We speak of communities of practice, and some organisations will have a group or communities dedicated to people related themes such as diversity, LBGTQ+ or faith and yet we rarely think about community as the backbone of the organism.
Yes, there will potentially be share of mind dedicated to the culture and yet even that can become hijacked by the corporate committee approach or the branding approach.
So what is a community and why does it matter in organisations? Let’s look to the etymology of the word ‘community’ or ‘communitatus’ in Latin. We find ‘com’ – a prefix meaning together, ‘munis’ taken to mean the changes or exchanges that link, and ‘tatus’ a suffix suggesting diminutive, small, intimate or local.
We might translate this as a ‘small’ group of people (togetherness) linked through exchanges (communication). As we track the word in its various uses through centuries, other factors emerge such as common interests, equality, living together, shared purpose and even unity of will.
What is clear about community is that it invokes a sense of togetherness, a bond that unites and provides a network within which people can thrive. They thrive because within the community they feel secure and free enough to share without fear of being rejected.

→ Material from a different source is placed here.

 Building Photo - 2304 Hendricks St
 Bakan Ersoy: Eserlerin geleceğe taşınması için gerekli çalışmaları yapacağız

The increased focus on psychological safety within organisations gives us a clue that maybe we are subtly moving toward a higher iteration of community within our workplaces. For centuries we have had the backbone of paternalism which, at best, has provided safety but without liberty and at worst has created communities where control and conformity have been the norm. We are not out of these woods yet.

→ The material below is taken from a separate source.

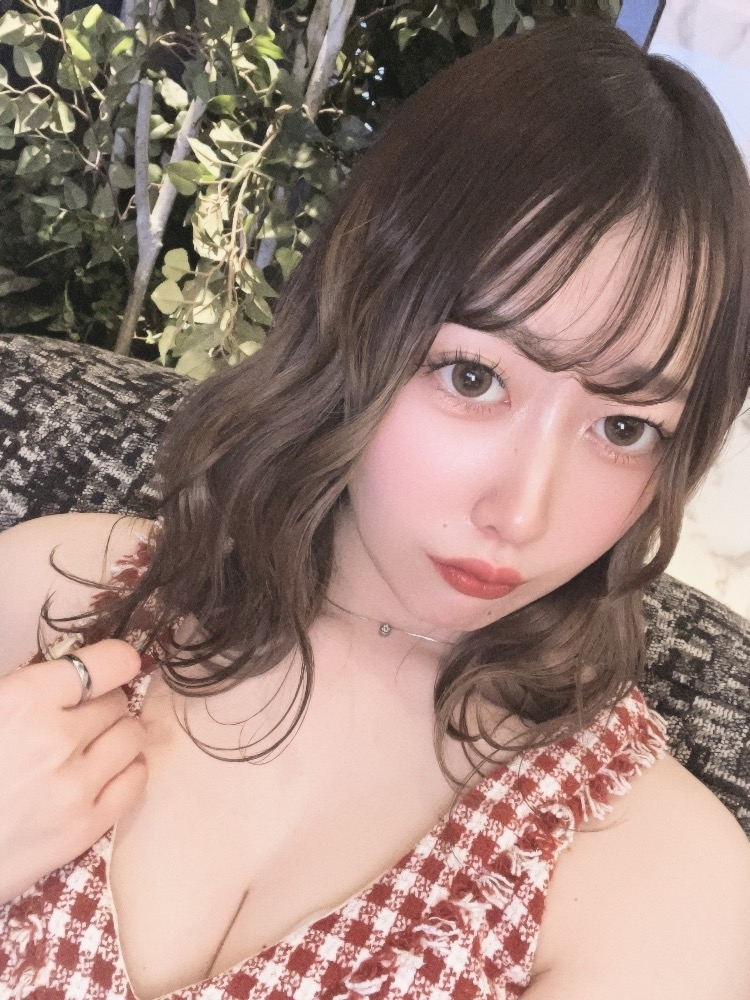 乙川 ゆあ
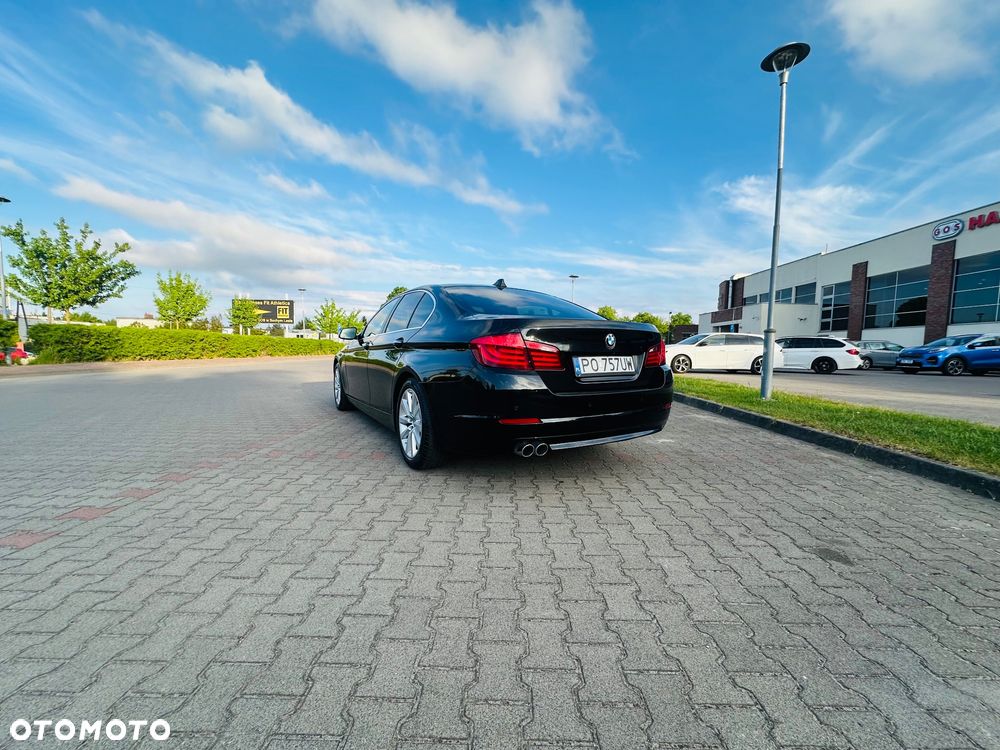 BMW Seria 5 525d - 6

If we place community at the centre of our cultural focus, we will be seeking to create greater connectedness and the formation of social networks that empower, enable and uplift those within – not simply for task completion or political positioning or career advancement but because it creates health, well-being and harmony.
And here we might consider how we achieve this culture. The building of social capital might be a useful lens through which to explore this, defined by Harvard University Political Scientist Robert D. Putnam as “the collective value of all social networks (who people know) and the inclinations that arise from these networks to do things for each other (norms of reciprocity).”

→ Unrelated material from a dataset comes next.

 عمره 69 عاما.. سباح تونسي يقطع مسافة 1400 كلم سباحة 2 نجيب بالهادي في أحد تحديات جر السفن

Margaret Heffernan speaks of social capital as a culture of helpfulness, candour, openness. And, whilst another jargonistic term isn’t always helpful, the tenets of social capital are: fostering greater care, kindness, helpfulness, reciprocity, connectivity, safety and security to be open and free.
Whilst some may argue that the notion of community might feel more like a social club than a business, we might ask ourselves why they must be mutually exclusive. Some of us will have had the good fortune to work within an organisation where we have truly touched into this higher sense of community and it is motivating, energising, joyful and sustaining. Who doesn’t want that in their place of work?